In an absurd decision last week, the Spanish government issued a tender for the section between Vandellòs in Catalonia and Castelló in Valencia, but only for European gauge and not for the broader Iberian gauge standard in Spain. This section has been paralysed for decades, with a single-track in the better part of this stretch. But now, suddenly, the whole section will be made anew and only in European gauge. So freight trains coming up from the south will have to divert at Valencia to Madrid before going on to Europe. A low blow, especially for industry in Valencia.

The decision is unbelievable. There were three alternatives. The first was to lay a European gauge route parallel to the current Iberian gauge. The second was to lay European gauge rails right alongside the current Iberian gauge track, sharing the infrastructure, and the third option was to tear up the current route to lay one exclusively European gauge track. This was the most expensive and business leaders in both Valencia and Catalonia advised against it. But it's what Madrid has chosen.

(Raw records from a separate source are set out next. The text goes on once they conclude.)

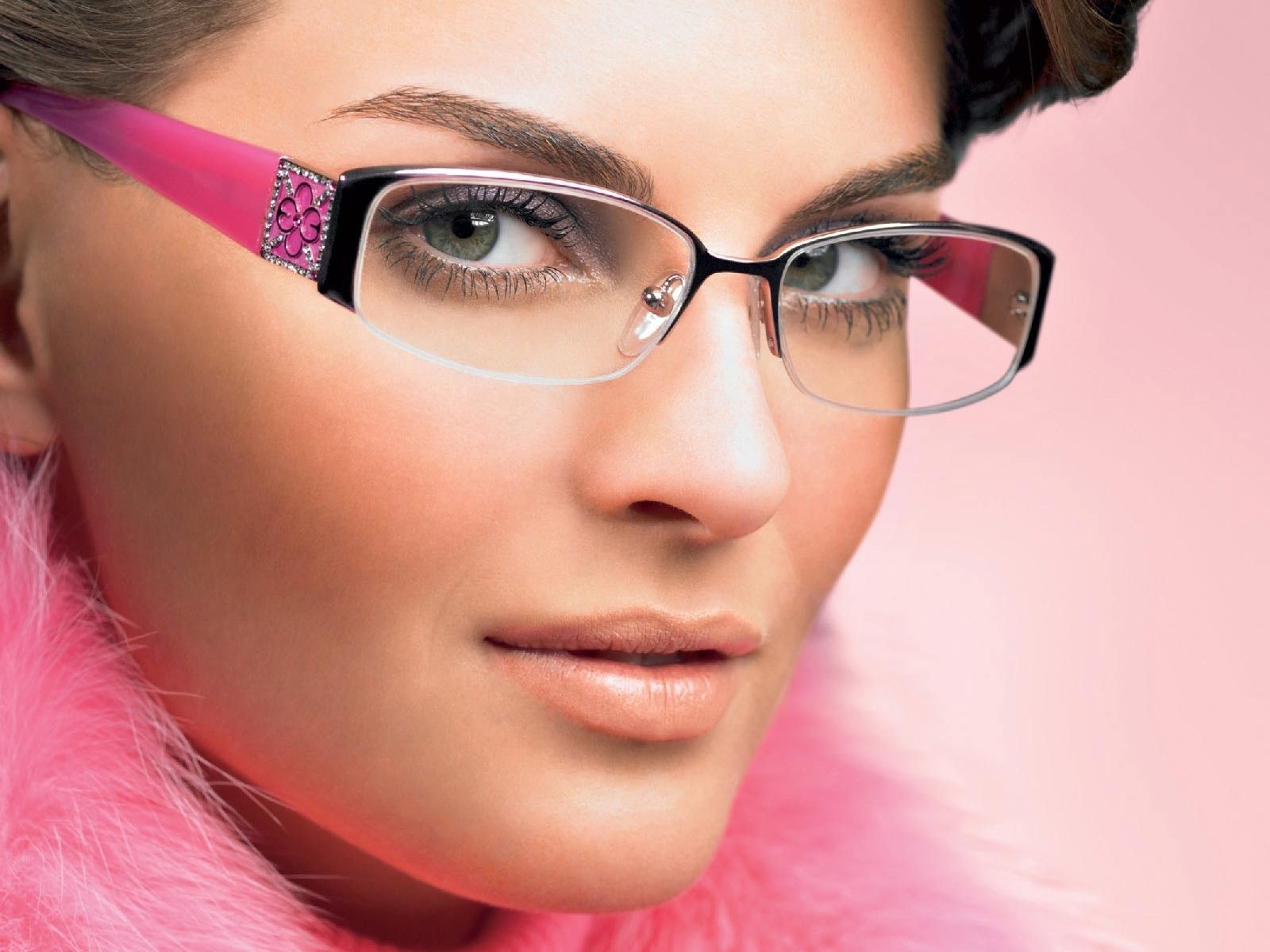 Girl in glasses desktop wallpaper free download, background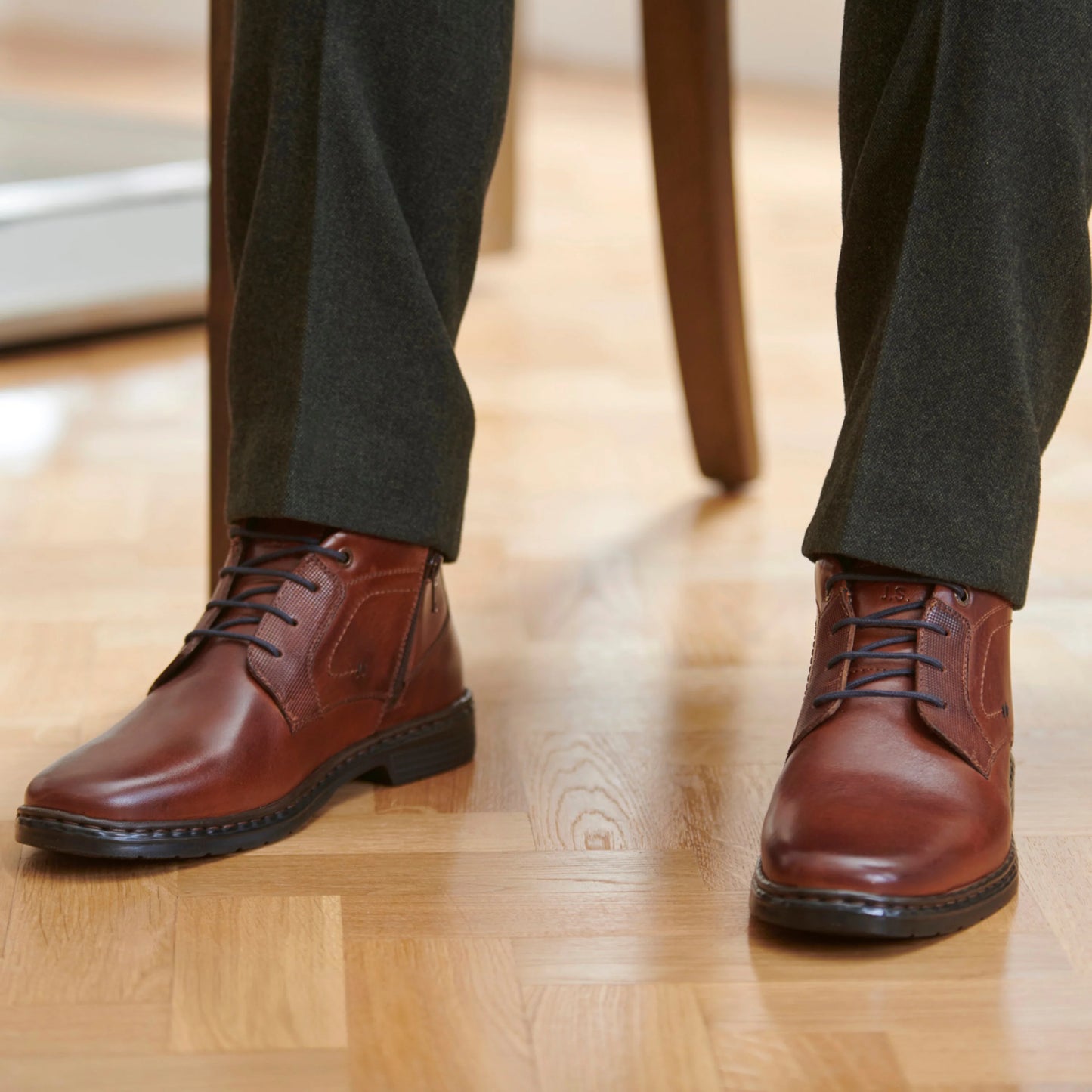 Josef Seibel Men's Alastair 17 Leather Casual Boots Cognac Brown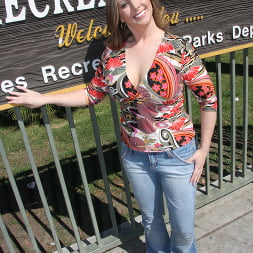 Keira Kensley en - Blacks On Cougars (foto 1) Keira Kensley en 'Dogfart' - Blacks On Cougars (Miniatura 1)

The reason is obvious. The effect achieved by maintaining the single-track stretch between Castelló and Vandellòs, paralysed for decades, had been to complicate direct transit to Europe for industries in the Mediterranean Basin. As the European Union finally forced Spain to complete the link, the same effect can now be achieved in reverse, thus avoiding European sanctions. With an exclusively European gauge, all freight trains departing South of Castelló will have to go via Madrid if they are to go to Europe. Madrid thus gets part of the central corridor that the European Union had rejected, but the EU can not accuse the Spanish of not fulfilling the obligations it imposed.

Valencian and Catalan business leaders were perplexed yesterday by the Ministry of Public Works and Transport's proposal.